On 20/10/2020 09:35, Florian Weimer wrote:
> * Adhemerval Zanella:
> 
>> On 20/10/2020 04:38, Florian Weimer wrote:
>>> * Adhemerval Zanella via Libc-alpha:
>>>
>>>> ENAMETOOLONG does make more sense, I have fixed it locally.  I am not
>>>> sure I understood by 'delayed', it it report on the readdir call, but
>>>> the next entry will still be reported in the next readdir call.  The
>>>> construction such as won't work:
>>>>
>>>>   while (readdir (dp) != NULL)
>>>>     {
>>>>       [...]
>>>>     }
>>>>
>>>> But this will work as intended:
>>>>
>>>>   while (1)
>>>>     {
>>>>       errno = 0;
>>>>       struct dirent *entry = readdir (dp);
>>>>       if (entry == NULL)
>>>> 	{
>>>> 	  if (errno == ENAMETOOLONG)
>>>> 	    continue;
>>>> 	  break;
>>>> 	}
>>>>     }
>>>
>>> I think it's unreasonable to expect that this pattern will work.  Itg
>>> assumes that readdir updates dp despite the error.  In other
>>> implementations, this may produce an endless loop.  This is why for
>>> readdir_r, we record the ENAMETOOLONG error as pending, and report it
>>> only at the end.  (We should do the same for EOVERFLOW errors.)
>>
>> This is what POSIX states as the way to check for errors:
>>
>>   "Applications wishing to check for error situations should set errno 
>>    to 0 before calling readdir().

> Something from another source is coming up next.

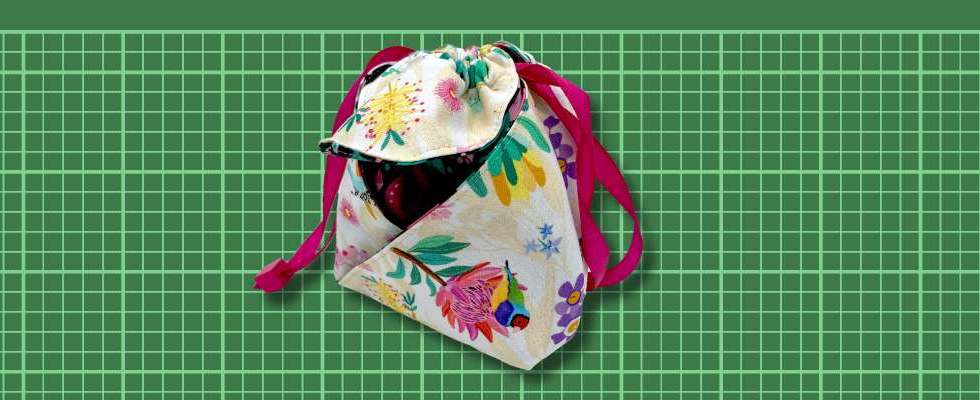 Origami pouch tutorial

If errno is set to non-zero on return, 
>>    an error occurred."
>>
>> What the standard is not clear is whether the position as the directory 
>> stream is updated in a case of failure.
> 
> Yes, that was my concern.  I found this in POSIX (in 2.3 Error Numbers):
> 
> | If an error condition is detected, the action requested may have been
> | partially performed, unless otherwise stated.
> 
> But in general we would be rather concerned if a regular read or write
> on a file descriptor failed *and* still updated the file offset.  Not
> sure about directory streams.
> 
>> I think it is a fair assumption
>> since it also states that 'When the end of the directory is encountered, 
>> a null pointer shall be returned and errno is not changed.'.  So there
>> is a distinction between end of directory stream and a failure (in the
>> example above checking for 'errno == 0' should indicate the end of the
>> stream).
> 
> The question is whether you are supposed to be able to continue reading
> and encounter errno == 0 eventually.  In general, this is simply not
> true, consider EIO or EUCLEAN.  This is why I went with delayed error
> reporting for readdir_r: it is simply not reasonable to expect that
> applications continue calling readddir_r or readdir after the first
> error because it's not clear how to can avoid an endless loop (even
> assuming that the failing readdir call somehow advanced the read
> pointer).
> 
> I hope this explains my point of view.

Thinking twice I think a resizable buffer does make sense in this
situation.  I will send an updated set with this modification.